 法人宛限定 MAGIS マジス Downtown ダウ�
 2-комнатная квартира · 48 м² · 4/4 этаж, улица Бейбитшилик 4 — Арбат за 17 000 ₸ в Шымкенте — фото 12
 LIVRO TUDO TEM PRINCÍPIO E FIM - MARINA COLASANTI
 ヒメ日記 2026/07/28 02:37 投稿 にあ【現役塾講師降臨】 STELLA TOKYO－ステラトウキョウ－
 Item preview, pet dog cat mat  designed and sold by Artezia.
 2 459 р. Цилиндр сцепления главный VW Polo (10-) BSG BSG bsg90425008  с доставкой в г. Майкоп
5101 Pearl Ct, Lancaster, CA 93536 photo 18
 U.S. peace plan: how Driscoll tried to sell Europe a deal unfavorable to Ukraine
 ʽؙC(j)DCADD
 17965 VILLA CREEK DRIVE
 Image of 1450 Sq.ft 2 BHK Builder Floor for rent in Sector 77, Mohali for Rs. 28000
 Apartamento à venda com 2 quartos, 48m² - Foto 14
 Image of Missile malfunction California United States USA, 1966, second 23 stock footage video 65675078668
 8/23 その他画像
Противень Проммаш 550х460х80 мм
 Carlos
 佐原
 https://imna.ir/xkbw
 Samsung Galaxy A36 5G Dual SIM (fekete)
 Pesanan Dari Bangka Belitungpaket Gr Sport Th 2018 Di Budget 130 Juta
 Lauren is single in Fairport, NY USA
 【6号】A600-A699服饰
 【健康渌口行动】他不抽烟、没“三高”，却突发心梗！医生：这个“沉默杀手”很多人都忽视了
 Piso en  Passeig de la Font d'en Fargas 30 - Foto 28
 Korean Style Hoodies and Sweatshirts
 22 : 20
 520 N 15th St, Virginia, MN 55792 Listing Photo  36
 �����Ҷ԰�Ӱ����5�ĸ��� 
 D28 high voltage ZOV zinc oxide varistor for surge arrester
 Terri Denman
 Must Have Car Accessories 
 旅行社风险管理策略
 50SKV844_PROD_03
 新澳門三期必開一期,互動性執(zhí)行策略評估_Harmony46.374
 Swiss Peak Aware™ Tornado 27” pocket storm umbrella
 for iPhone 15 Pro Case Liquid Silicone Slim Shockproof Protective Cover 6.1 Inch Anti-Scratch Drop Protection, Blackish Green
########################################
Show, from the listing above, each line that contains the word "Image".

 Image of 1450 Sq.ft 2 BHK Builder Floor for rent in Sector 77, Mohali for Rs. 28000
 Image of Missile malfunction California United States USA, 1966, second 23 stock footage video 65675078668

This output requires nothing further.